● To do:
Using the data that follows, output only the lines from the line with "Now let's tap" up to and including the line with "In the setup", exactly, leaving pictures aside.

┌────────

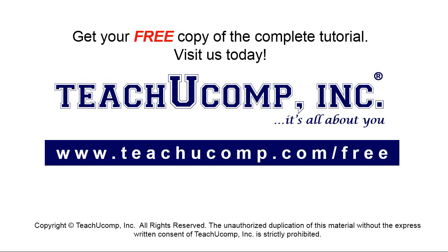Get your free copy of the complete tutorial at www.teachyoucomp.com forward slash free.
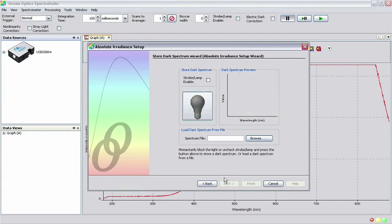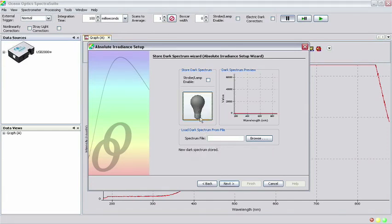Blocking the path of the light source, click the gray light bulb button to store the dark spectrum and click Next.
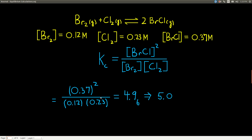We put these into our calculator. Because we're multiplying and dividing, and everything has two sig figs, we keep two sig figs. I get 4.96, and we're going to round that to two sig figs — to 5.0.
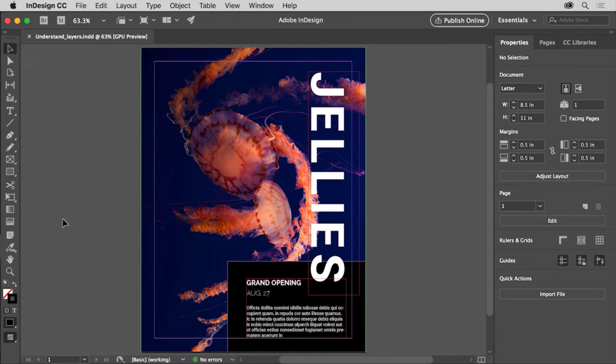In this video, you'll be introduced to layers in InDesign. You'll learn what layers are, you'll tour the layers panel, and understand why we use layers.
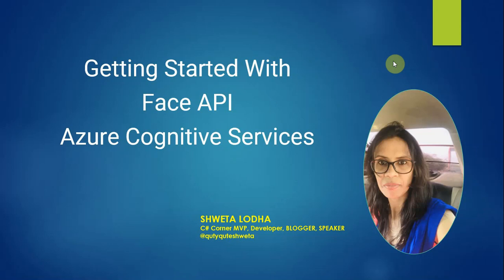Hi everyone, in today's video I will tell you about how you can get started with Face API, which is another offering from Microsoft Azure Cognitive Services. Let's get started.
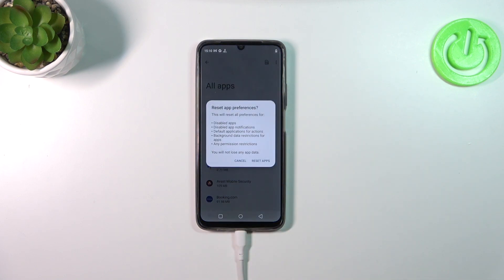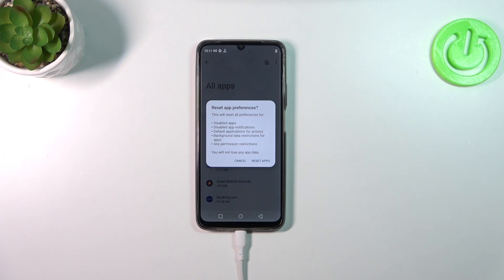Now let's tap on reset app preferences, and here your device is informing you what it will actually reset. So among others, these are disabled apps, default applications for actions, and any permission restrictions.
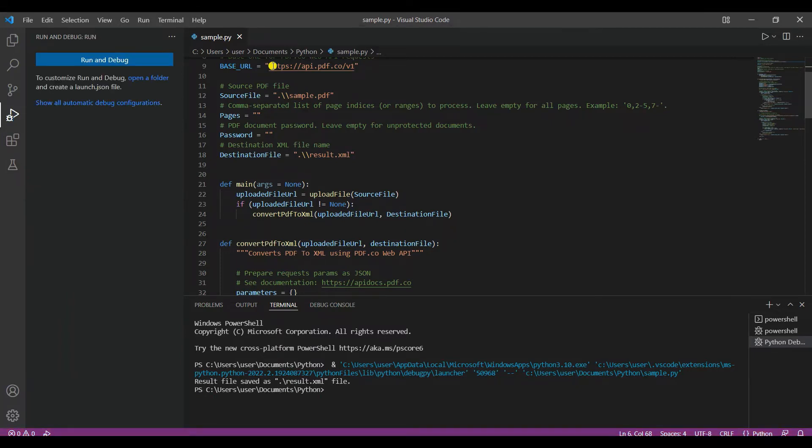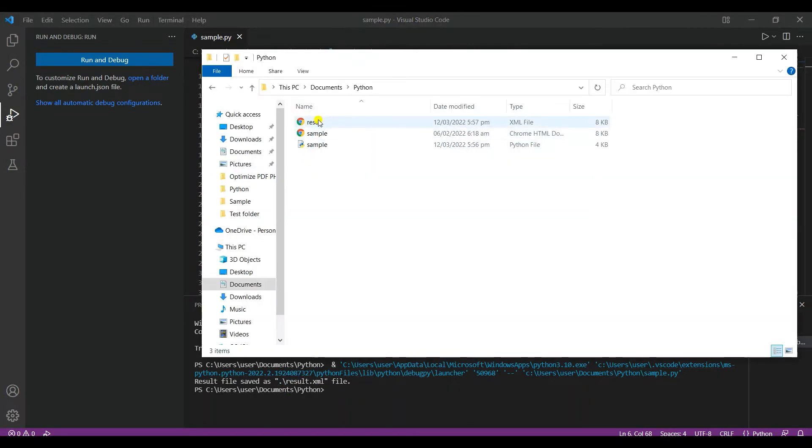The program runs successfully. As you can see, the output is named result.xml. Here's what the output looks like.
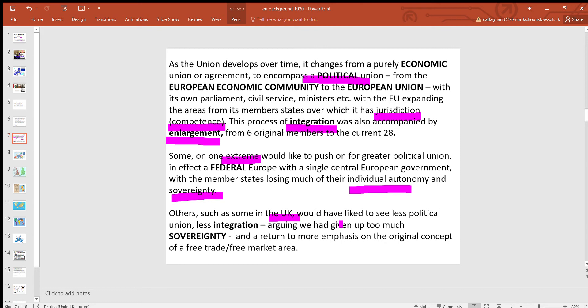Some, such as those in the UK, would have liked to see less political union and less integration, arguing that too much sovereignty had been given up and wanting to return to a more emphasis on the original concept of a free trade area.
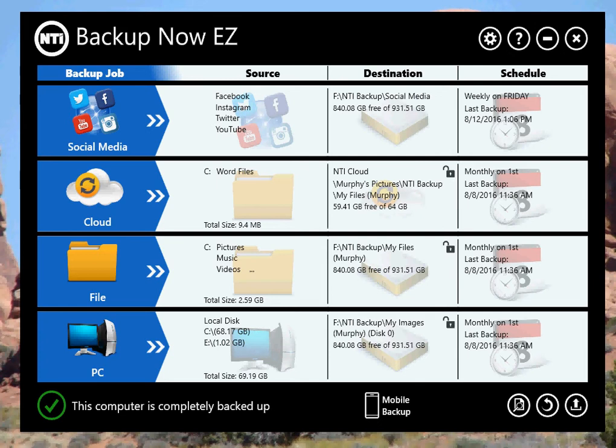Hey, this is Ray with NTI. This video is the fourth video of a five-part demo series of Backup Now Easy 5. In this demo, I'll be discussing mobile backup and how it can help you protect your photos and optimize your phone's storage.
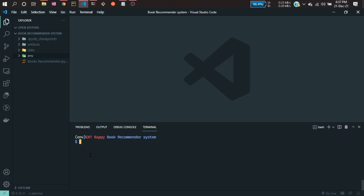In the setup file I will be mentioning all my setup information, like if you want to create any kinds of local packages for your projects. What is a local package? The functions you will be using repetitively — you can use those. I will just show you how we can create local packages. I'm not going to use any local packages in this project because it's a simple project and I can do it in one line of code.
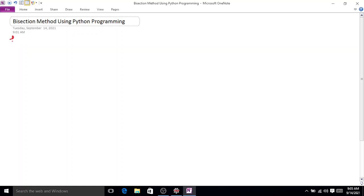Bisection method using Python programming. Consider an example f(x) = x³ - x - 4.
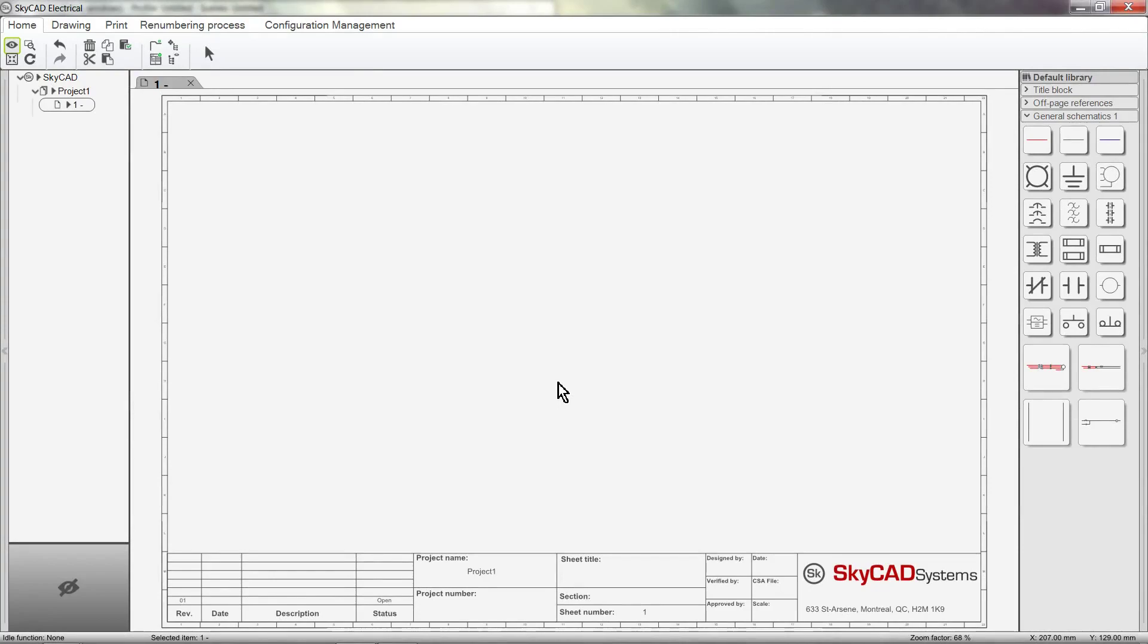In this CarCAD tutorial you are going to learn how to show component properties. For example, in some cases you may want to show the part number, manufacturer or some other information pertaining to a component on the drawing.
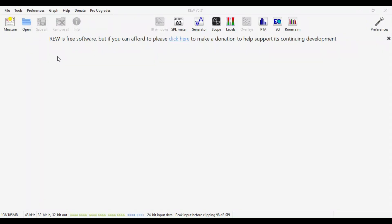Here we are out in the garage. I apologise in advance for any traffic noise, chainsaws, or dogs barking. It's a beautiful Saturday afternoon in Melbourne and people are out and about. But here I am in the garage set up with the laptop and the analog microphone ready to do some sweeps. Let's dive in.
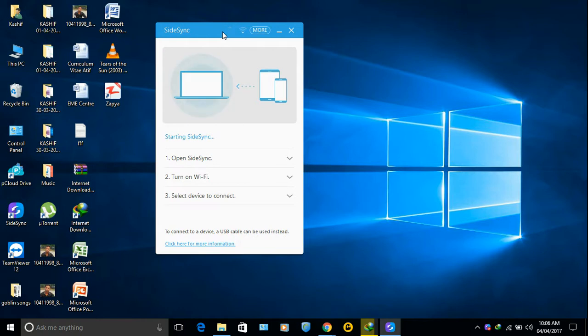Now both your devices have the same application. Now you can share your screen through data cable or WiFi. I am using data cable.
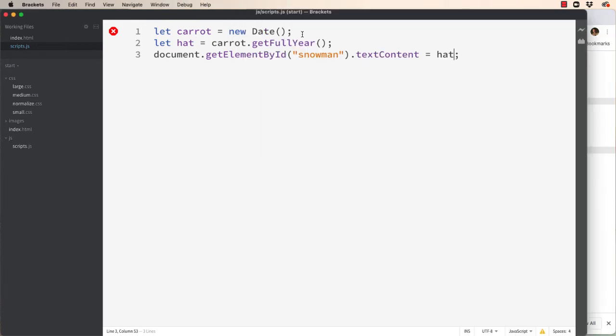Alright. So let's come back here. I think you get the idea that I'm making up variable names and these are not JavaScript reserved words.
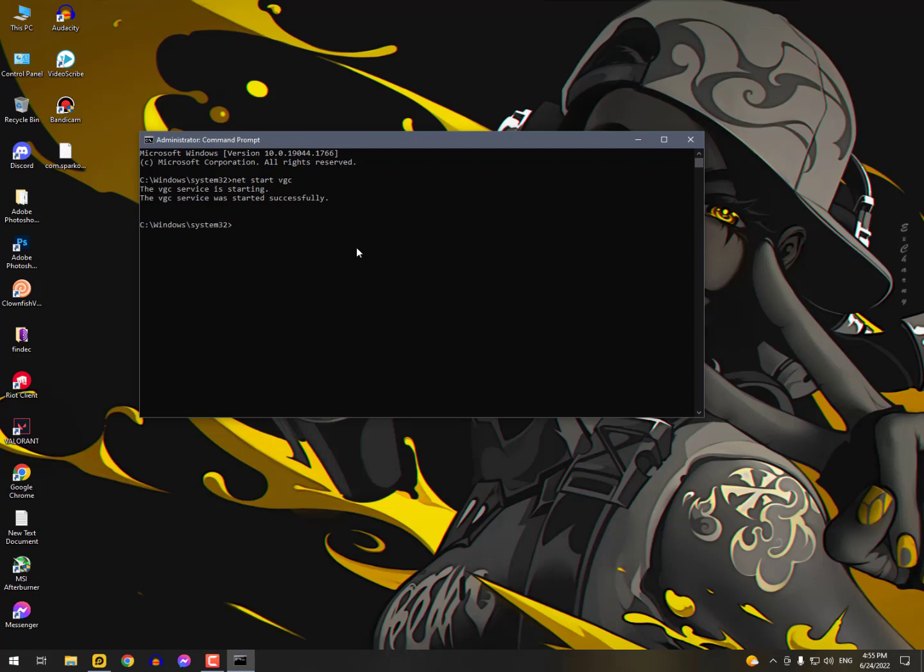Now once again just type here net start. This time we don't need to type VGC, this time we need to type here VGK and then hit enter.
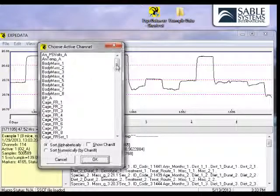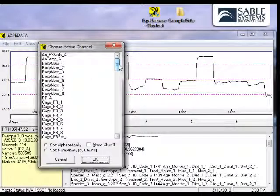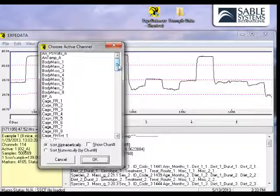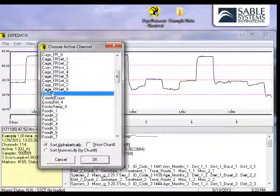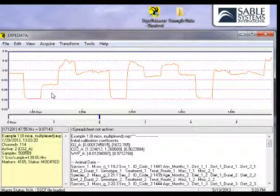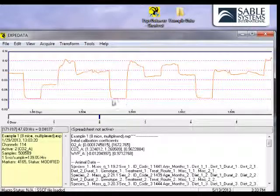The menu of channel options will then come into view, and let's choose the output of the CO2 analyzer. Here you can see it's a nice inverse of the data from the oxygen analyzer.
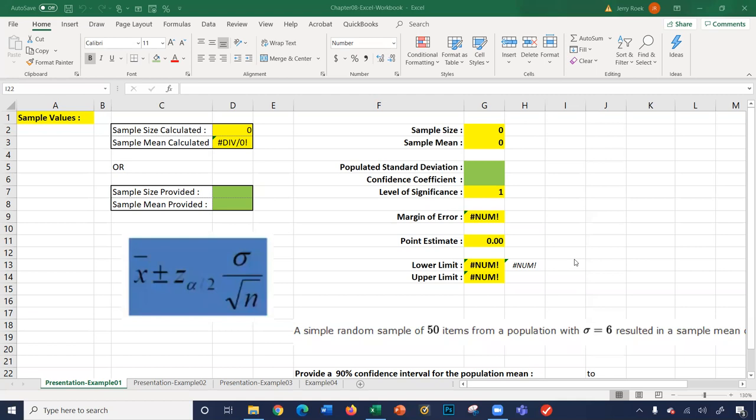Hi. In this video, we're going to cover the Chapter 8 Excel Workbook. Let's begin. We're going to start with sheet presentation example number one.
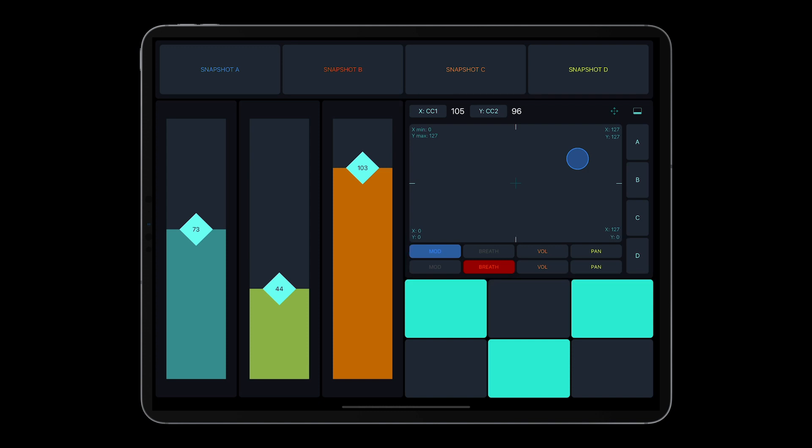If you want to save and recall values for individual CC parameters, use the snapshot pads in the XY pad.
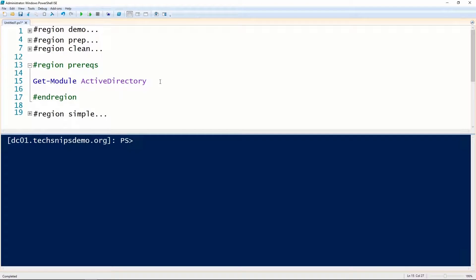Before we can remove a group from Active Directory using PowerShell, we need to have the Active Directory module loaded.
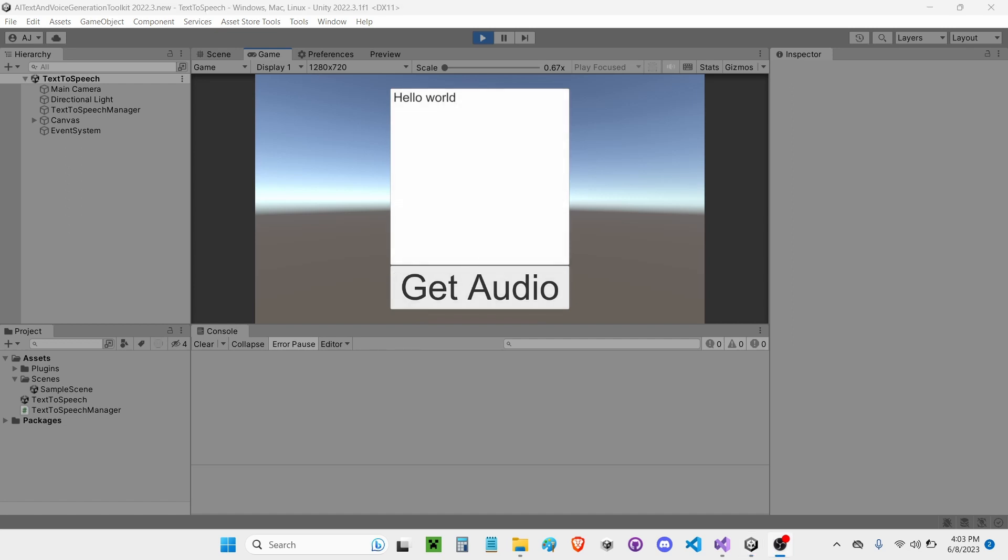Hello World, and there you have it. That's how to use the Text-to-Speech component for the AI Text and Voice Generation Toolkit.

└────────

● Task result:
Now let's tap on reset app preferences, and here your device is informing you what it will actually reset. So among others, these are disabled apps, default applications for actions, and any permission restrictions.
The program runs successfully. As you can see, the output is named result.xml. Here's what the output looks like.
Some, such as those in the UK, would have liked to see less political union and less integration, arguing that too much sovereignty had been given up and wanting to return to a more emphasis on the original concept of a free trade area.
Hey, this is Ray with NTI. This video is the fourth video of a five-part demo series of Backup Now Easy 5. In this demo, I'll be discussing mobile backup and how it can help you protect your photos and optimize your phone's storage.
In the setup file I will be mentioning all my setup information, like if you want to create any kinds of local packages for your projects. What is a local package? The functions you will be using repetitively — you can use those. I will just show you how we can create local packages. I'm not going to use any local packages in this project because it's a simple project and I can do it in one line of code.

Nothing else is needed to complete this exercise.